A shaft is not to be confused with an axle, which is actually by definition a nonrotating member that carries no torque, and is instead used to support wheels and other rotating object. An automobile axle is not a true axle but instead by definition is a shaft. When analyzing a true axle you would only have to look at it is a static beam and perform a static analysis on it. A shaft on the other hand will also need to have a dynamic analysis performed on it to determine fatigue stress.

## Shaft Materials

Generally, for most applications, steel is the most popular choice of material for shafts. However, aluminum could be used, as well as exotic materials such as titanium. For this article I am going to mainly discuss steel.

There are two main criteria’s of interest that need to be considered when selecting a material. These are strength and stiffness. Stiffness is related to the Young’s Modulus of the material, while strength is based off the yield strength and ultimate strength of the chosen material.

First, let’s talk about stiffness. As mentioned above, stiffness is a function of the materials Young’s modules. Now, for most steels, the Young’s Modulus is essentially constant. This means the rigidity of the shaft, if steel is the chosen material, is not dependent on the Young’s modulus, but is instead dependent of the shafts geometry.

Most of the loads on a shaft will be perpendicular to the shafts axis. This means beam analysis will need to be used to calculate the total deflection the shaft. However, there could be cases where there will also be axial forces on the shaft. For example if thrust bearing is used. Finally, most shafts will have torsional aspect that will need to be looked at, since they are used to transfer torque from one component to another.

Different grades of steel, however, does effect the yield strength and the ultimate strength of the material. Many shafts in most applications are made from low carbon, cold drawn, or hot – rolled steel. The reason for this is because strengthening the steel by heat treating or using a high alloy steel generally isn’t warranted, and only moderately reduces the fatigue failure of the shaft. Instead it is best to start a design with an inexpensive steel when you first start laying out you design and then determine later if you need to change it to a different material.

As mentioned above you can also choose to heat treat the steel to increase its strength. Some steels that can be heat treated are the following. ANSI 1340-50, 3140-50, 4140, 4340, 5140, and 8650.

There also may be cases when you need to surface hardened the shaft. An example might be if the shaft is also the journal for a bearing. In these cases you could use the following materials ANSI 1020, 4320, 4820, and 8620.

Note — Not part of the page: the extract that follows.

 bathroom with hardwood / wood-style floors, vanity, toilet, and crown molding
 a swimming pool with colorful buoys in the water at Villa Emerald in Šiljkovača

If you choose to use a cold drawn steel. You will normally need to keep the largest diameter of the shaft under 3 inches. While if you choose to use hot rolled steel all of it surfaces will need to be machined so that it runs true. Finally, for shafts that are large, and that require a large quantity of material to be removed by machining, residual stresses that will build up during the machining process could cause it to warp. It is best practice to rough cut the part first, heat treat it to remove the residual stresses, than perform a finish cut on the part to reach the desired dimensions.

It is also best practice to design a shaft that will use the least amount material, but is also close to stock dimensions so that only a little material needs to be removed during the machining process. This is for economical reason.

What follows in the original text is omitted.